There are fewer people in that middle segment now than there used to be. And that’s a large reason that we see more income segregation. The middle has hollowed out. We know that not just from this report. We know that from following census data over decades now.
So, the question is, because there are fewer people in the middle, has it affected where we live and with whom we live and what our neighborhoods look like? And the answer from this report is yes.
GWEN IFILL: So where does this happen? Where does this play out the most?
PAUL TAYLOR: It’s really fascinating, because while it has happened all across the country, there are pretty stark differences by metro areas and by regions.
The three cities that have seen by far the greatest growth in income segregation are all in Texas, the three big cities of Texas, Houston, Dallas, and San Antonio. They are now — among the nation’s 30 largest metro areas, they have the highest levels of income segregation.

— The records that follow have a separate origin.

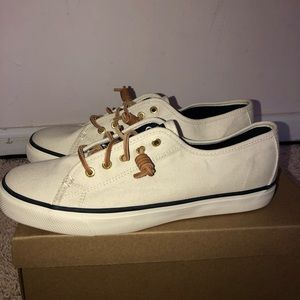 cream low top sperrys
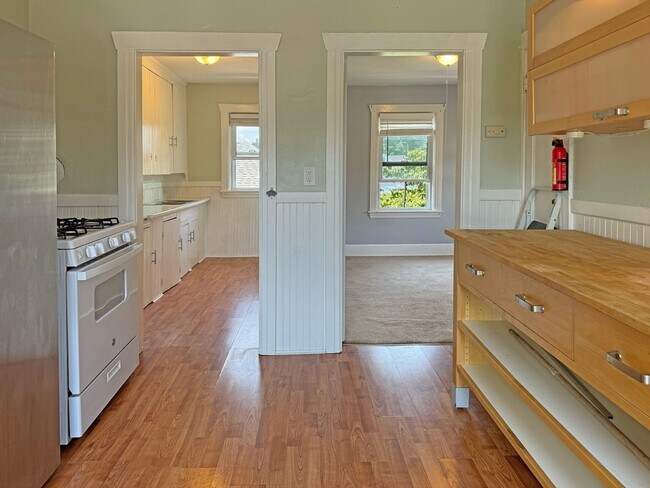 Building Photo - 28 Rodman St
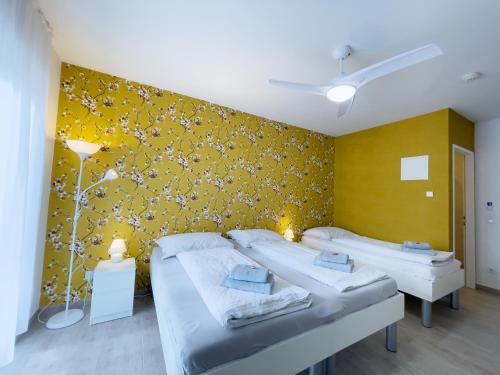 1 queen bed, 1 twin bed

GWEN IFILL: What is it about Texas?
PAUL TAYLOR: You know, I don’t know. But if you think about what has happened to those three cities in the last 30 years, they have grown a lot and they have grown a lot as a result of two different kinds of migration streams.
There has been a migration stream that it’s been attractive because they’re economically vibrant. So you have high-end workers. You have — maybe in Sunbelt areas, you have some well-to-do retirees. These folks might be attracted to living in more well-to-do neighborhoods.
You have a tremendous amount of low-end, low-skill migration, typically from south of the border, to build the new houses, to mow the lawns, to do the lower-end service jobs. So that has been a description of the changing demography of those cities. And it seems to play out in the changing residential patterns as well.